La magie me manque. Je ne parle pas seulement du monde d'Anecdar, mais, sur un plan plus large, le monde de l'imaginaire et de la magie, les licornes, les sorciers, les magiciens, les fées, les Elfes et tout ce qui peuple nos contes d'enfants, aujourd'hui des créatures disparues, à qui je dédiais (il y a dix ans déjà !) ma dernière tentative pour raconter une histoire d'une certaine ampleur. [Ajout : voir cette entrée ultérieure au sujet de ce roman.]

Je ne crois pas avoir perdu l'inspiration que j'avais dans ma jeunesse, même si je fais peut-être moins appel à elle dans la manière dont j'avais coutume de l'exercer. Mais j'ai probablement moins d'indulgence à mon propre égard, aujourd'hui, pour me permettre d'écrire les phrases — oserai-je le mot ? — candides que je m'appliquais à former autrefois. Je croyais qu'il suffisait d'utiliser quelques mots sophistiqués dans une construction grammaticalement correcte (avec plein d'adverbes) pour faire de la littérature ; s'il y a quelques phrases dont je suis content ([Ardemond] disparut soudainement, ne laissant derrière lui qu'une vague odeur de fleur d'oranger fanée et un souvenir de cheveux blancs), j'ai maintenant du mal à relire sans tiquer un paragraphe aussi enfantin que :

Karine et Kormor avaient chevauché sans répit pour leurs montures pendant quinze jours. Enfin, à l'aube de ce jour crucial, la ville de Tekir leur était apparue, avec sa soudaineté habituelle, comme ils étaient presque à son seuil. L'Egarthkúr jouait avec les premiers rayons du soleil et la Ville Éternelle étincelait de pureté, inconsciente de ce manteau de ténèbres qui lentement recouvrait les Royaumes comme un linceul obscur.

(Argh ! voilà des comparaisons qui ont la légèreté gracile d'un chevalier en armure de plate complète.)

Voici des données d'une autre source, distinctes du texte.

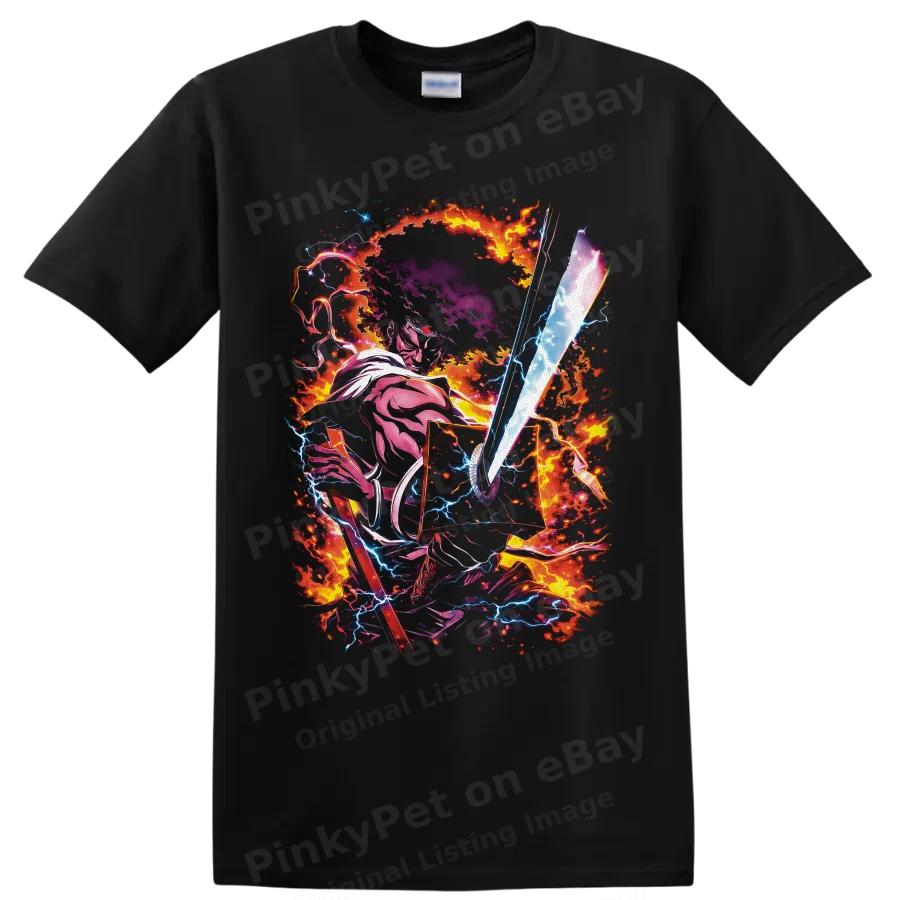 Mononoke Medicine Seller Anime T Shirt w Spirit Sword Fire Art Graphic Print Tee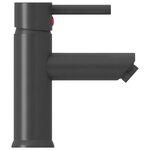 vidaXL Robinet de lavabo de salle de bain Gris 130x176 mm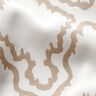 bomuldsstof med slangelinjer &ndash; beige/m&oslash;rkebeige,  thumbnail number 3
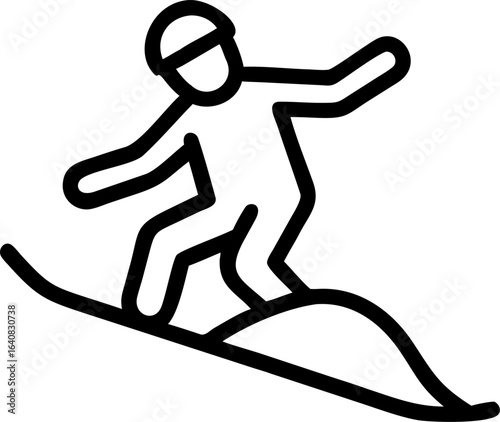 Dynamic snowboarder on a majestic mountain peak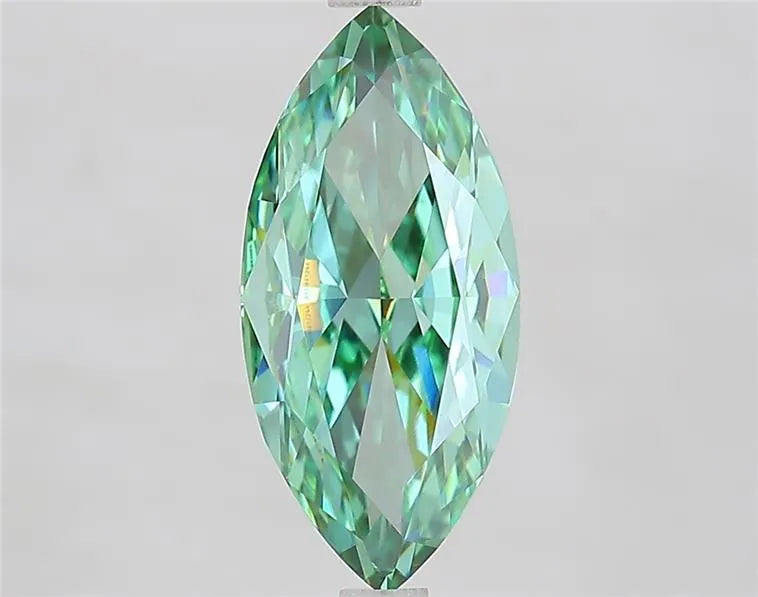 3.02ct Marquise Lab Grown Diamond (Colour Fancy Vivid Green, Clarity VVS2, IGI Certified)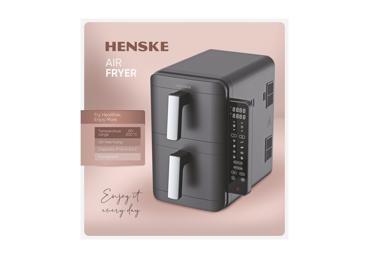 Karstā gaisa cepamkatls HENSKE 4,5+4,5L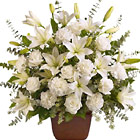 Serenity Sympathy Flowers Tribute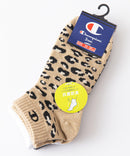 Wアニマル柄3Pスニーカーソックス【CHAMPION/チャンピオン】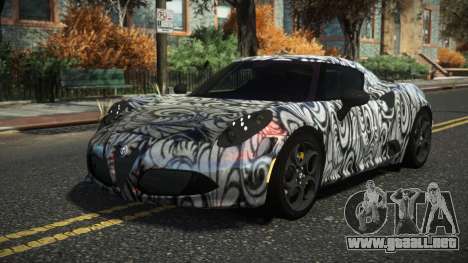 Alfa Romeo 4C Gravuz S8 para GTA 4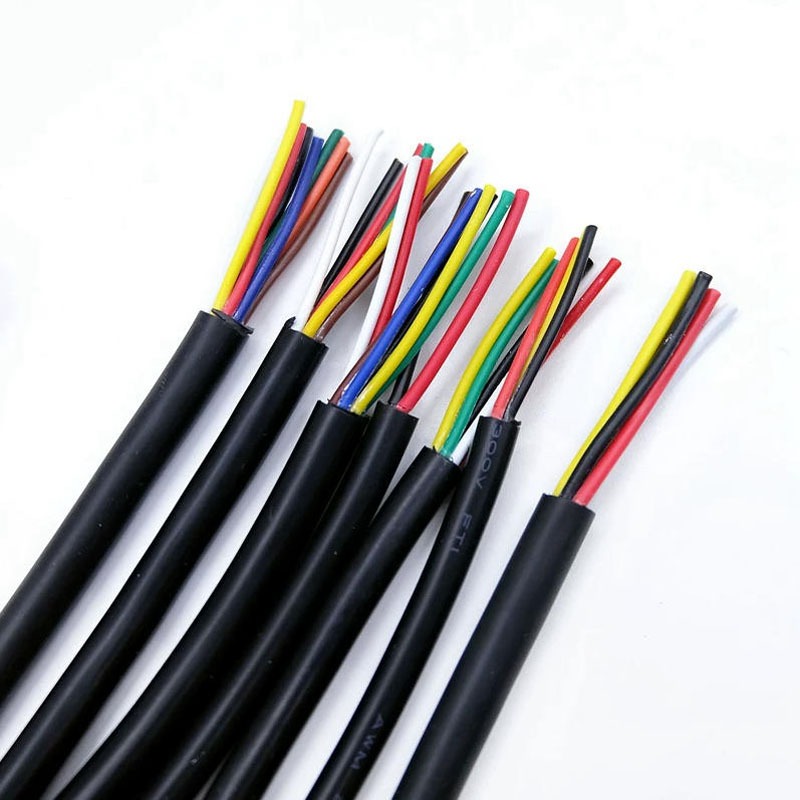 10 เมตร UL2464 สายไฟ 28 26 24 AWG 2/3/4 Core PVC Tined Multi-core Soft เสียงอิเล็กทรอนิกส์ลวด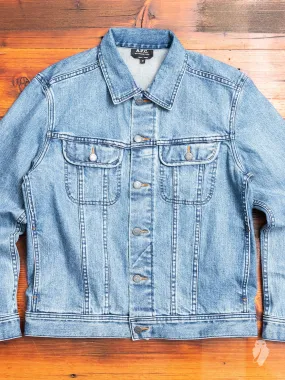 Mens Classic 12.75oz Stonewashed Denim Jacket - Durable and Stylish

Mais je suis sévère envers moi-même. Si j'ai fait quelque progrès en expression depuis (ce qui, d'ailleurs, n'est pas sûr, car j'ai troqué certains travers pour d'autres), c'est parce que je me suis permis d'écrire sans me censurer : qu'à force de s'appliquer même l'esprit le plus obtus acquiert une mesure d'aisance. Et surtout, ces mots que j'alignais avec enthousiasme naïf étaient le fluide de mes songes (aïe, encore une image facile) : je n'ai jamais écrit pour être lu, je l'ai fait pour moi-même, pour conserver mes rêves.

Je suis encore un enfant (ou, du moins, je voudrais penser que je le suis resté, que la meilleure part de moi-même a subsisté), et j'ai encore ce besoin de croire à la féerie dans un monde qui n'y laisse pas assez place. Il y a une (et il n'y a qu'une) façon pour un être rationnel et cartésien de croire à la magie, c'est de la créer lui-même, c'est-à-dire par la fiction[#], soit en étant spectateur ou lecteur (ce qui est déjà un processus de création), soit en étant artiste. Or la création des autres correspond assez mal à ma propre imagination, et je préfère donc souvent façonner des mondes, à ma mesure, qu'adopter ceux que d'autres ont établis.

Je devrais donc sans doute me remettre à écrire, librement et sans contrainte, quelque chose d'un peu plus vaste que des fragments littéraires gratuits. Je me demande d'ailleurs si l'écriture de ce genre (surtout étant donné qu'il ne s'agit pas vraiment d'atteindre quelque chose de « sérieux et abouti ») peut se faire par blog interposé (dans les deux cas il s'agit d'une sorte d'exutoire), sous forme de feuilleton.

[#] Je pense d'ailleurs que la « magie-fiction » (la heroic fantasy et tout ce qui tourne autour) a, à ce titre, beaucoup plus d'intérêt que la science-fiction. La science-fiction, finalement, ne m'intéresse que modérément, puisque je peux faire de la science (j'exagère : je ne peux pas voyager dans des galaxies lointaines, évidemment), alors que la magie-fiction est tout ce qui peut me tenir lieu de magie. Il est cependant vrai que du point de vue du développement de l'intrigue, la magie pose souvent des difficultés irréductibles, car, et c'est à la fois son intérêt et son problème, elle rend obscures les limites du possible et de l'impossible : il faut souvent avoir recours au symbolisme pour déterminer ce qui sera permis, et ce n'est guère facile.